Your instructions
Please write out every record below exactly as it stands.

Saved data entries
════════

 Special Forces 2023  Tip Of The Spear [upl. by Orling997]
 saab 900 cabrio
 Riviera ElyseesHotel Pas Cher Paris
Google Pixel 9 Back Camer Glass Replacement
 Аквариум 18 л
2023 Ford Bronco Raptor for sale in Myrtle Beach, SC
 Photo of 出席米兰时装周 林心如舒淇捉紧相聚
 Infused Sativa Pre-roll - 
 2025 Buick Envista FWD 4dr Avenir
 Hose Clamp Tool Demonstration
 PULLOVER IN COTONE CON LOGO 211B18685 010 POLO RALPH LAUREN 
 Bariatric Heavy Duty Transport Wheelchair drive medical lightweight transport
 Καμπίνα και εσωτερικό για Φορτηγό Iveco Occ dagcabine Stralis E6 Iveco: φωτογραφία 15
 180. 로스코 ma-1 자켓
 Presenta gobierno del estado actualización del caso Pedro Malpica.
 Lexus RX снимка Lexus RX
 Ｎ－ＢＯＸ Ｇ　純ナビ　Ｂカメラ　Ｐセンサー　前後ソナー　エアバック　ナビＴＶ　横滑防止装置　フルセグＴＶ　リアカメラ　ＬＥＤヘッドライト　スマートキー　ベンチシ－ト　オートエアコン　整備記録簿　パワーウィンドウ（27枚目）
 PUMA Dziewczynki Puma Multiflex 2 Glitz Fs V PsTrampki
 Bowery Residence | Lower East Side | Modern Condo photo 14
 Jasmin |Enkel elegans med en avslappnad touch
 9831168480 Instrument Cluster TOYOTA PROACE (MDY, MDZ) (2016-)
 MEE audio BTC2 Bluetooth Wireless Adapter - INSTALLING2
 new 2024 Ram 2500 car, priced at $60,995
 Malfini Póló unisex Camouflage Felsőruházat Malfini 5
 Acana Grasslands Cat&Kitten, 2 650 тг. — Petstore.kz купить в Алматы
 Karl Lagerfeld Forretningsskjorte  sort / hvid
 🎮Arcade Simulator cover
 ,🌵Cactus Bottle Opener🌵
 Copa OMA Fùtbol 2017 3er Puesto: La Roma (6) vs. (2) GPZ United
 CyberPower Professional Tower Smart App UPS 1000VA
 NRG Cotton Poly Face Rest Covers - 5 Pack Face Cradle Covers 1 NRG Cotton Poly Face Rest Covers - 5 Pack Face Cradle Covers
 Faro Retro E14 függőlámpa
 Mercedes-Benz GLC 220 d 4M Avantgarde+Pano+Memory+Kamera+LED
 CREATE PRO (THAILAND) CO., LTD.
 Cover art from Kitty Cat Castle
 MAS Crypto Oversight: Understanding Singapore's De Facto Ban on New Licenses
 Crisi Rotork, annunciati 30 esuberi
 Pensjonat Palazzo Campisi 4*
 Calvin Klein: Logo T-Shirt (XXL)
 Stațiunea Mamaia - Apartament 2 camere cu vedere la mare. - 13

════════

Answer space
 Special Forces 2023  Tip Of The Spear [upl. by Orling997]
 saab 900 cabrio
 Riviera ElyseesHotel Pas Cher Paris
Google Pixel 9 Back Camer Glass Replacement
 Аквариум 18 л
2023 Ford Bronco Raptor for sale in Myrtle Beach, SC
 Photo of 出席米兰时装周 林心如舒淇捉紧相聚
 Infused Sativa Pre-roll - 
 2025 Buick Envista FWD 4dr Avenir
 Hose Clamp Tool Demonstration
 PULLOVER IN COTONE CON LOGO 211B18685 010 POLO RALPH LAUREN 
 Bariatric Heavy Duty Transport Wheelchair drive medical lightweight transport
 Καμπίνα και εσωτερικό για Φορτηγό Iveco Occ dagcabine Stralis E6 Iveco: φωτογραφία 15
 180. 로스코 ma-1 자켓
 Presenta gobierno del estado actualización del caso Pedro Malpica.
 Lexus RX снимка Lexus RX
 Ｎ－ＢＯＸ Ｇ　純ナビ　Ｂカメラ　Ｐセンサー　前後ソナー　エアバック　ナビＴＶ　横滑防止装置　フルセグＴＶ　リアカメラ　ＬＥＤヘッドライト　スマートキー　ベンチシ－ト　オートエアコン　整備記録簿　パワーウィンドウ（27枚目）
 PUMA Dziewczynki Puma Multiflex 2 Glitz Fs V PsTrampki
 Bowery Residence | Lower East Side | Modern Condo photo 14
 Jasmin |Enkel elegans med en avslappnad touch
 9831168480 Instrument Cluster TOYOTA PROACE (MDY, MDZ) (2016-)
 MEE audio BTC2 Bluetooth Wireless Adapter - INSTALLING2
 new 2024 Ram 2500 car, priced at $60,995
 Malfini Póló unisex Camouflage Felsőruházat Malfini 5
 Acana Grasslands Cat&Kitten, 2 650 тг. — Petstore.kz купить в Алматы
 Karl Lagerfeld Forretningsskjorte  sort / hvid
 🎮Arcade Simulator cover
 ,🌵Cactus Bottle Opener🌵
 Copa OMA Fùtbol 2017 3er Puesto: La Roma (6) vs. (2) GPZ United
 CyberPower Professional Tower Smart App UPS 1000VA
 NRG Cotton Poly Face Rest Covers - 5 Pack Face Cradle Covers 1 NRG Cotton Poly Face Rest Covers - 5 Pack Face Cradle Covers
 Faro Retro E14 függőlámpa
 Mercedes-Benz GLC 220 d 4M Avantgarde+Pano+Memory+Kamera+LED
 CREATE PRO (THAILAND) CO., LTD.
 Cover art from Kitty Cat Castle
 MAS Crypto Oversight: Understanding Singapore's De Facto Ban on New Licenses
 Crisi Rotork, annunciati 30 esuberi
 Pensjonat Palazzo Campisi 4*
 Calvin Klein: Logo T-Shirt (XXL)
 Stațiunea Mamaia - Apartament 2 camere cu vedere la mare. - 13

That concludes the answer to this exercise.